Both my colleague and I had treatments and while we had different experiences both received high marks. We were invited to an afternoon party at the spa that included a tour of the facility as well as mini massages and bubbly – who can pass that up?
Where to Eat:
Boudro’s on the River Walk
421 E Commerce, San Antonio, 78205
Why: Guacamole tableside at this Texas bistro and it has been around since 1986. You can sit right on the river and take in that vibe or alternately inside among the limestone walls. If those options don’t work opt for the floating barge on the river. The prickly pear margarita is Texas to the core and the menu offers an array of choices.
The Good Kind
Ivy Hall, 1127 S St Mary’s St
San Antonio, 78210
Why: This restaurant is owned by chef Tim McDiarmid and tout’s meals that are good for your body and for the environment. The food does feel like it is chosen and made with love being clean, nourishing, and sustainable. McDiarmid is a James Beard Fellow and she has been on the Food Network so she has a good idea about Farm to Table, which she considers the only way to eat anyway. The property is large, and outdoors with a Tuesday Trivia night.
611 S. Presa St. Suite 106
San Antonio, 78205
Why: An Apothecary Kitchen, okay so who wouldn’t be attracted to that meme. I like the idea of apothecary – it kind of beckons back to days of old when food was healthy.
The food at Pharm Table can boast that same moniker.

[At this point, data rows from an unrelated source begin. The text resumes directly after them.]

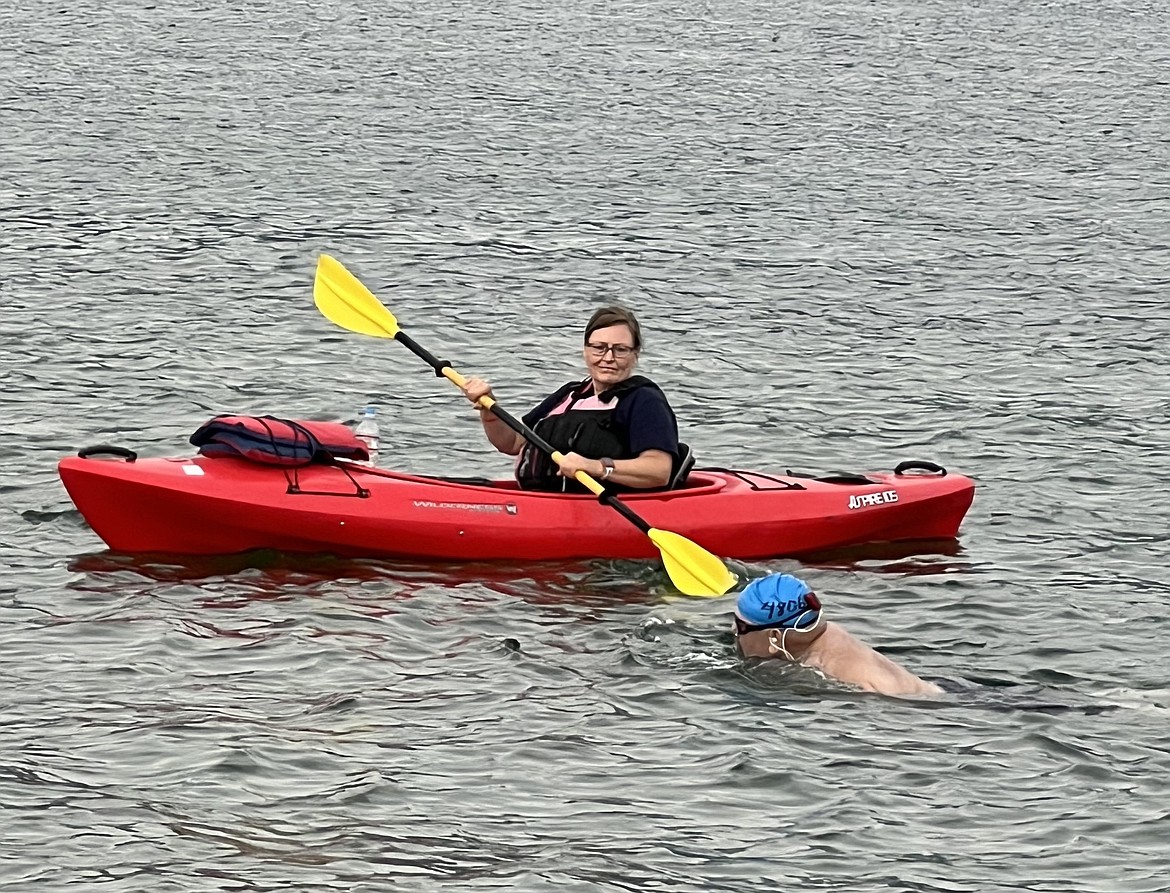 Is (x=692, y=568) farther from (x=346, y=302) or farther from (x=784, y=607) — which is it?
(x=346, y=302)

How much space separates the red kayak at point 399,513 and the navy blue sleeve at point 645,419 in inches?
10.7

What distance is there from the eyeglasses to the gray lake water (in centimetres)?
107

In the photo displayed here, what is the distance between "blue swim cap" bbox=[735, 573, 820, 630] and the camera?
7.91 m

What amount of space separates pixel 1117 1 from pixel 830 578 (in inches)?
1102

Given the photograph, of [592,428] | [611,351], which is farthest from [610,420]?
[611,351]

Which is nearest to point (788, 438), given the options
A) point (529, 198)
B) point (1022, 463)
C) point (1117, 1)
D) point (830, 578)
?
point (1022, 463)

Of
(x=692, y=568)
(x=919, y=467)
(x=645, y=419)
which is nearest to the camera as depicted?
(x=692, y=568)

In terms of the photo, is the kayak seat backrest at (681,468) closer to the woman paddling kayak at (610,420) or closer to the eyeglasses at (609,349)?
the woman paddling kayak at (610,420)

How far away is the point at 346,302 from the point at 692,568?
249cm

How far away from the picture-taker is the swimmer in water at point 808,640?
26.0ft

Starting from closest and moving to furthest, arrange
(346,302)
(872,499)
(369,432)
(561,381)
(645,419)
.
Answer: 1. (645,419)
2. (369,432)
3. (872,499)
4. (346,302)
5. (561,381)

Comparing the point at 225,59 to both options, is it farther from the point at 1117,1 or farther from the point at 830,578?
the point at 830,578

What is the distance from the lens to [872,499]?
10320mm

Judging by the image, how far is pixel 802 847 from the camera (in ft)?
22.1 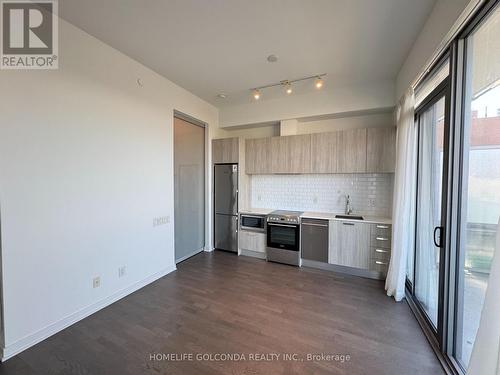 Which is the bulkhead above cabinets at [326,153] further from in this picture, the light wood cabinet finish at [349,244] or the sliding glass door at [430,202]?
the light wood cabinet finish at [349,244]

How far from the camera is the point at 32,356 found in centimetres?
183

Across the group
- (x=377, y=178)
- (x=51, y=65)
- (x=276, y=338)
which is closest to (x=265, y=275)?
(x=276, y=338)

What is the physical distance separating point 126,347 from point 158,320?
0.40 m

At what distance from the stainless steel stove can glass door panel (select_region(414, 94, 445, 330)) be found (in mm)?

With a lot of research under the belt of those in the kitchen in a short blurb “Pharm Table promotes the ancient wisdom of a plant-forward lifestyle.” The idea is to eat with the seasons and source from small local farms. The menus are designed to “utilize scraps and trim from the kitchen, maximizing the nutrients found in the skin of plants and avoiding food waste.”
Chef Elizabeth Johnson blends the right bit of this and the perfect bit of that for a distinct taste. I was interested in the Indian (healthy) options since I am an India travel junkie, and I can tell the real from the fake.
I was impressed. But of course, Johnson has been referred to by the James Beard Foundation as a “Food is Medicine guru.” As such, the chef considers the name Pharm Table a synonym for culinary medicine. While there order the ayurvedic wellness flight, mushroom ceviche, detoxing kitchari and a ginger meal starter while sitting outside on the patio. Namaste!
711 Navarro, Suite 100
San Antonio 78205
Why: I always like laughter. I always like to laugh. At Hopscotch unless you are the most daunting of souls, you are going to laugh. The entire experience is all about immersing yourself in art and sound and color – like finding the child in you again.
Artist installations tell stories in each of the rooms you visit from speaking into a telephone and revealing your greatest secret to “no one,” to dancing and jumping up and down, to playing with colors on the walls.
Takeaway, the experience is all about good synergy meant to be had by all – and lots of good selfies. And the bar has some fun drinks before you get lost in the 20,000-square-foot Hopscotch experience.